▶ [TASK TO COMPLETE]: Your answer is the line containing "dfnsports.com" plus every line after it through the end of the records, printed exactly and free of pictures.
START RECORDS FOR THE EXERCISE
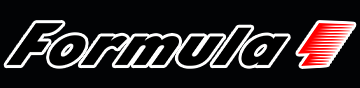 Formula1 - фото 
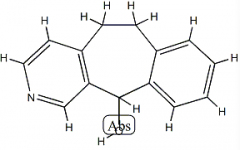 Calcium Polystyrene Sulfonate(CAS:37286-92-3)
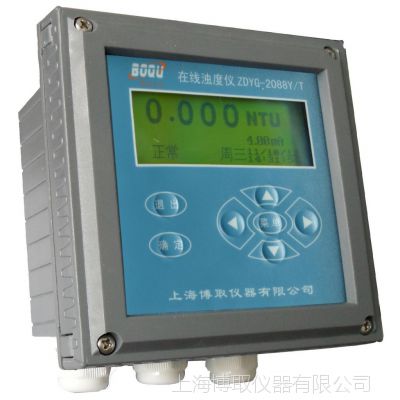 ȡ ZDYG-2088Y/T ǶǡǶȼơǶ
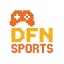 dfnsports.com
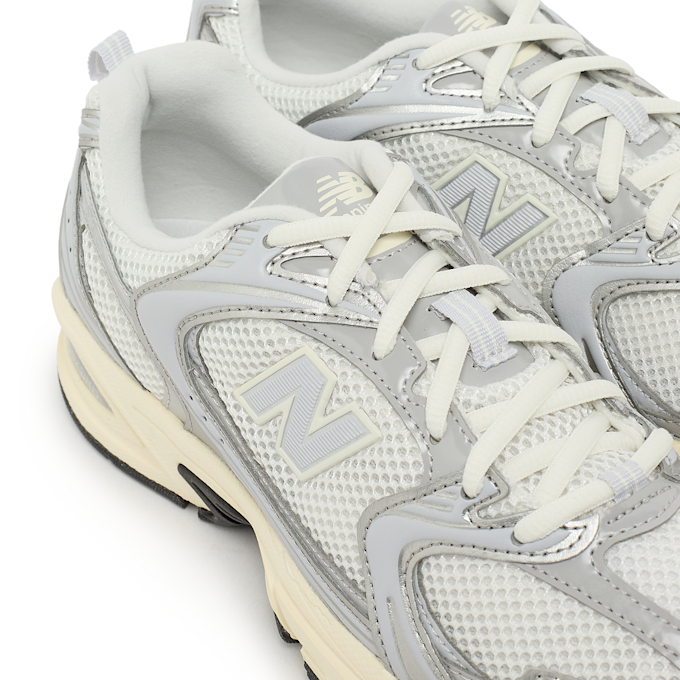 New Balance Wmns 530 (U530SEA) white 85887 6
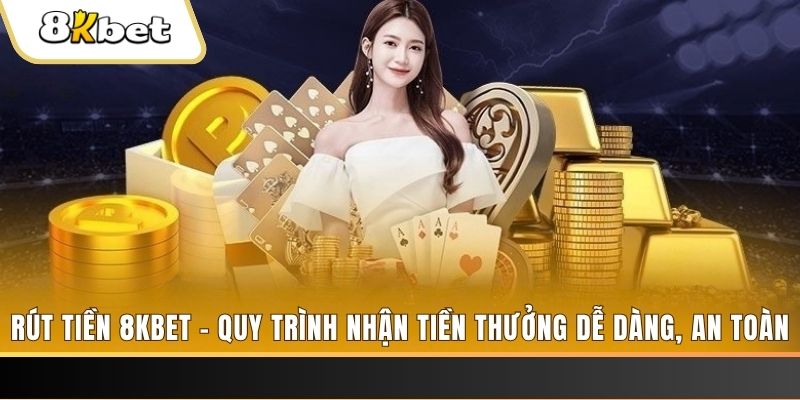j88bet Ba viên xúc xắc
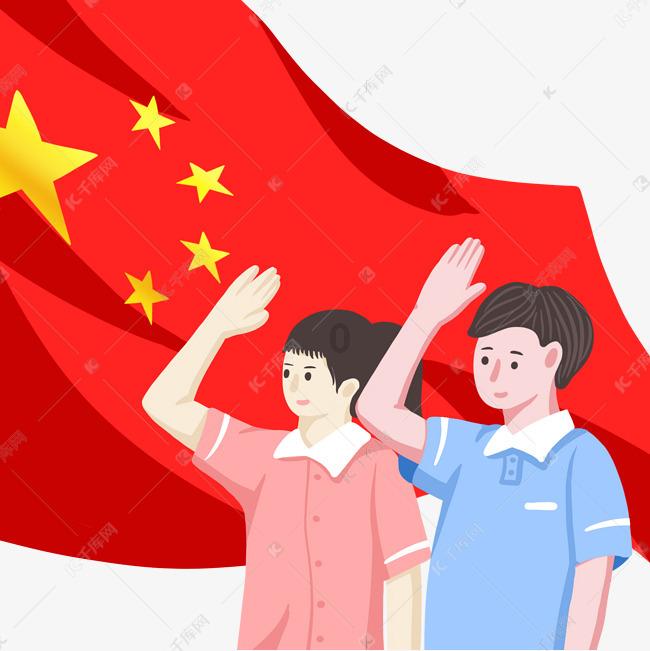 《英雄联盟》峡谷之巅报名时间介绍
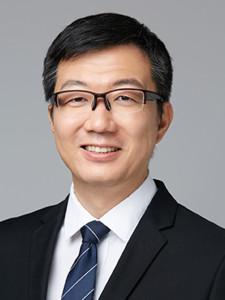 黃懽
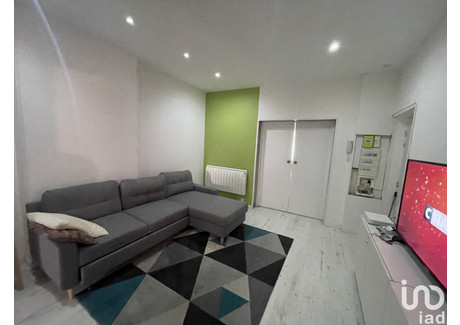 Mieszkanie na sprzedaż - Reims, Francja, 55 m², 176 737 USD (722 855 PLN), NET-98985227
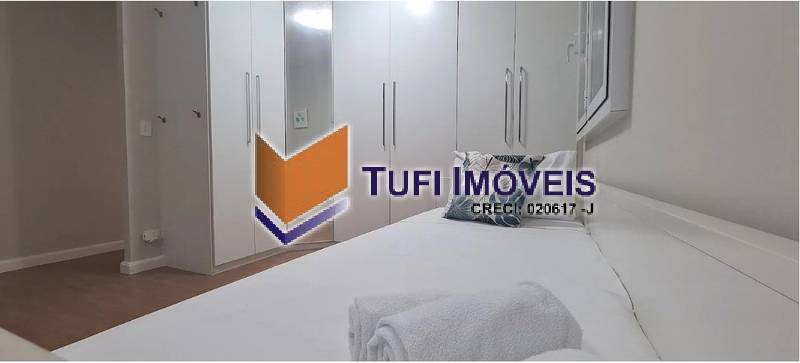 Apartamento, 1 quarto, 60 m² - Foto 13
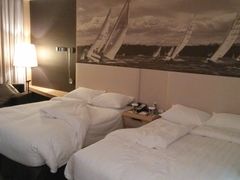 IMG_20131207_002435-苏州金鸡湖中茵皇冠假日酒店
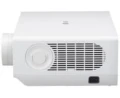 Projektor laserowy LG ProBeam BF60PST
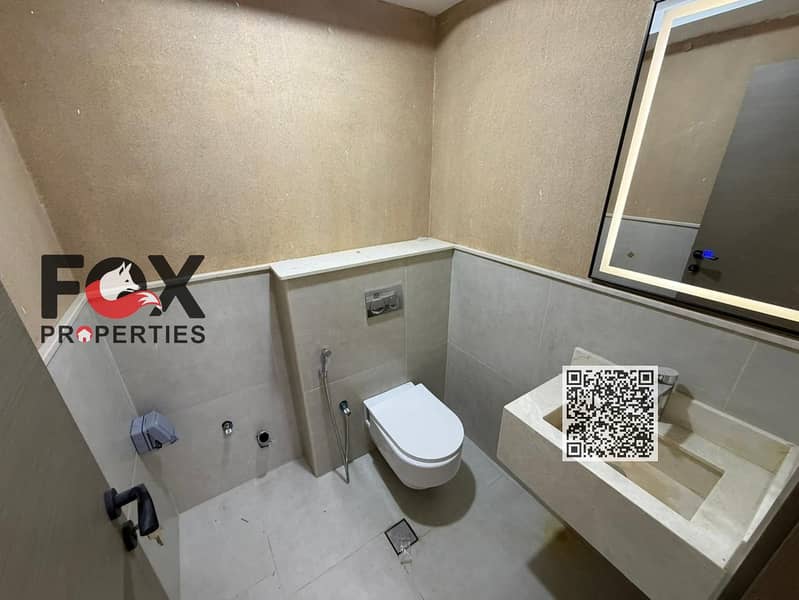 7 WhatsApp Image 2026-10-11 at 1.59. 16 PM. jpeg. png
END RECORDS FOR THE EXERCISE
▶ [OUTPUT OF THE TASK]:
 dfnsports.com
 New Balance Wmns 530 (U530SEA) white 85887 6
j88bet Ba viên xúc xắc
 《英雄联盟》峡谷之巅报名时间介绍
 黃懽
 Mieszkanie na sprzedaż - Reims, Francja, 55 m², 176 737 USD (722 855 PLN), NET-98985227
 Apartamento, 1 quarto, 60 m² - Foto 13
 IMG_20131207_002435-苏州金鸡湖中茵皇冠假日酒店
 Projektor laserowy LG ProBeam BF60PST
 7 WhatsApp Image 2026-10-11 at 1.59. 16 PM. jpeg. png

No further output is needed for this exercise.